■ Pictures with short captions:
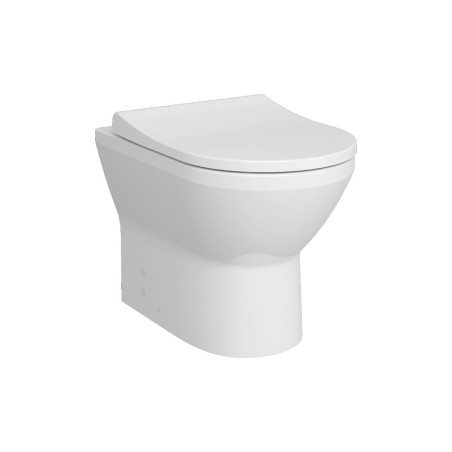 VitrA Integra Rimless Back to Wall Pan Only - White | Back T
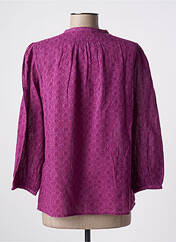 Blouse violet LA FIANCÉE pour femme seconde vue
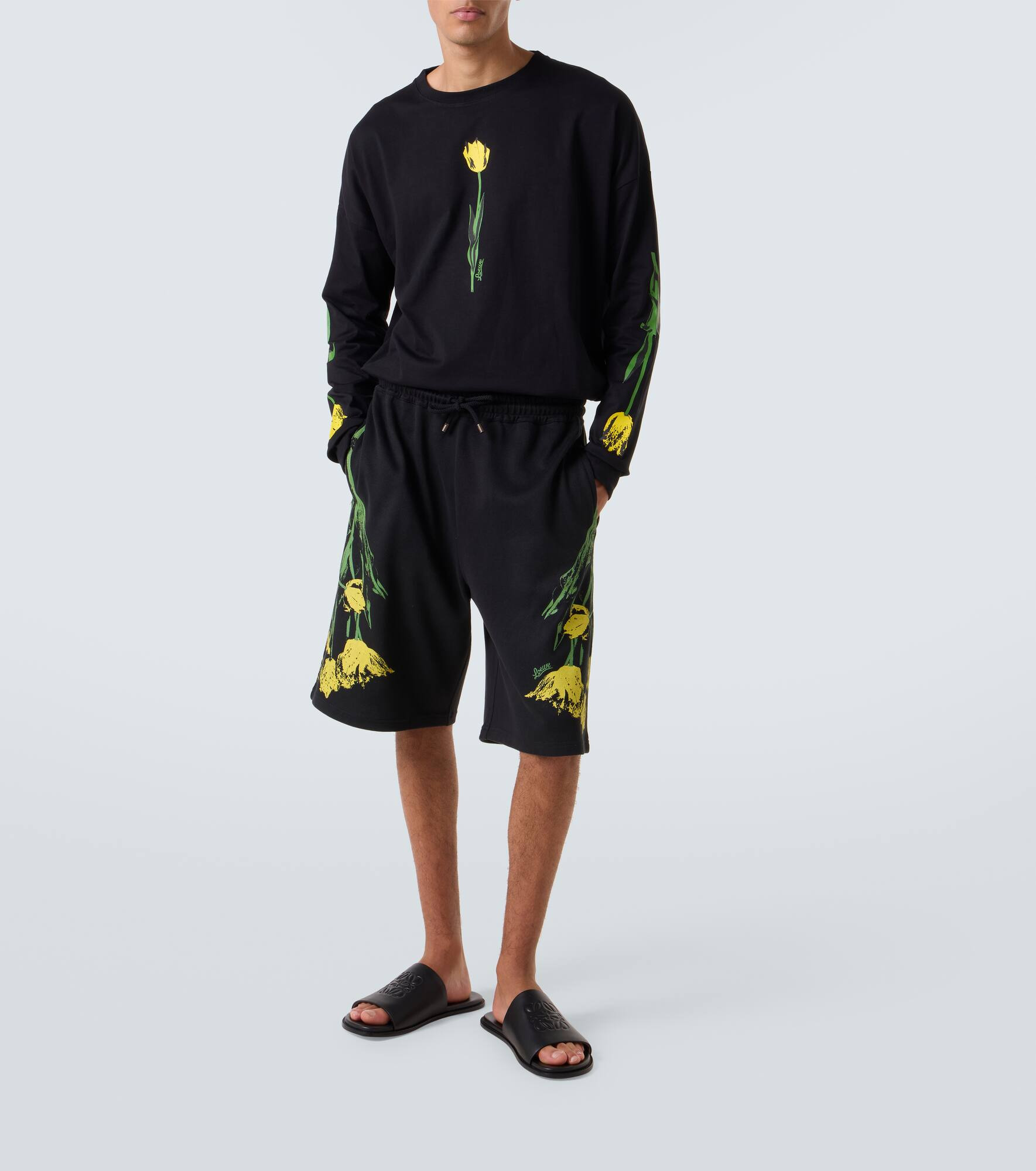 Floral cotton shorts - 2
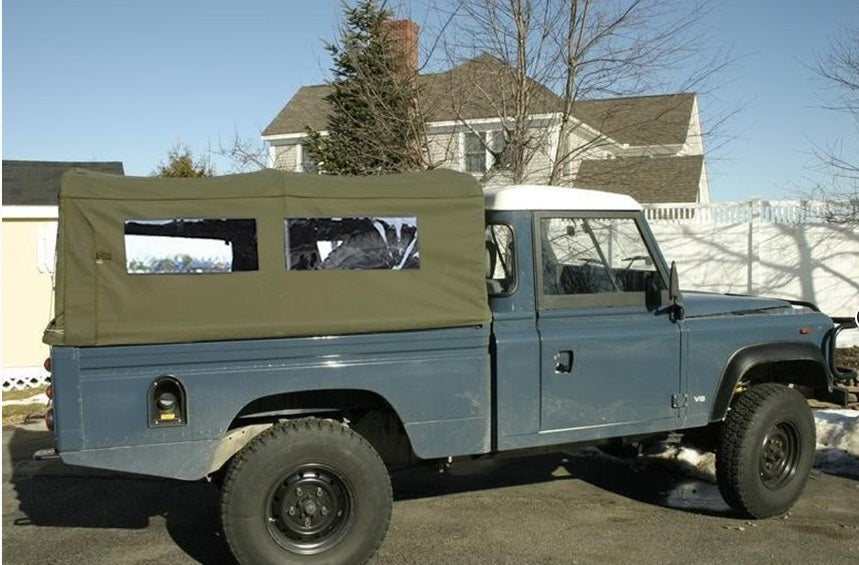 110" high capacity hood sand canvas (wsw)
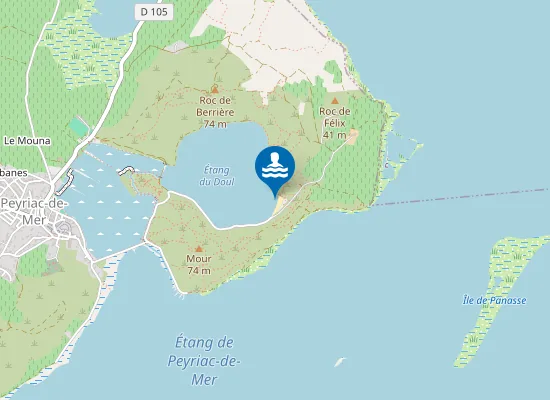 Map of ETANG DU DOUL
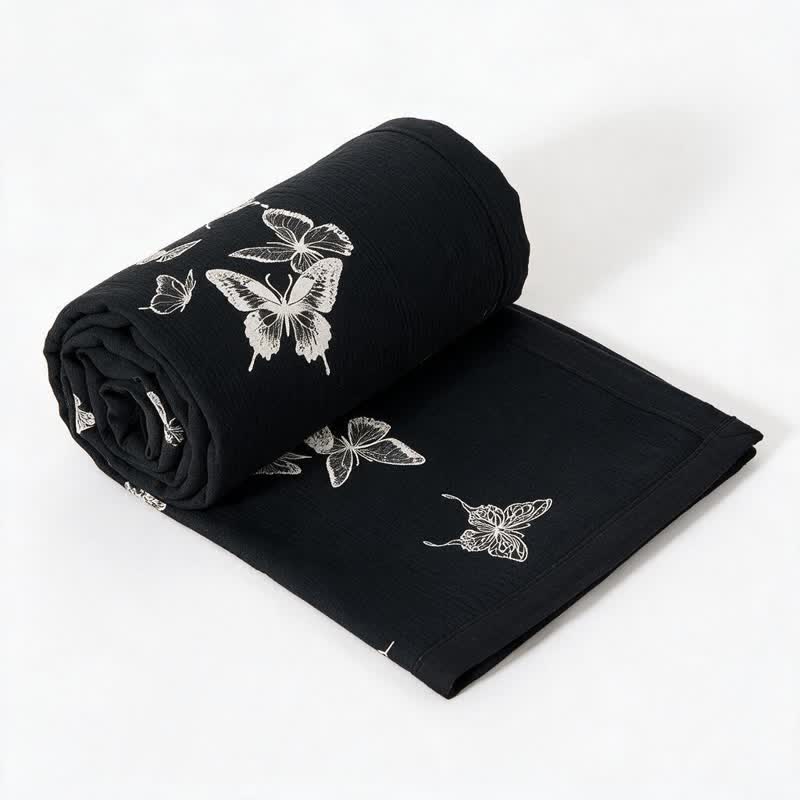 Monochrome Schmetterlings-Baumwollgaze-Quilts - image 5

■ About this exercise: Leave every picture out, and repeat exactly the lines from the one containing "Map of ETANG DU DOUL" through the last line of the entries, both ends included.

■ Response to this task:
 Map of ETANG DU DOUL
 Monochrome Schmetterlings-Baumwollgaze-Quilts - image 5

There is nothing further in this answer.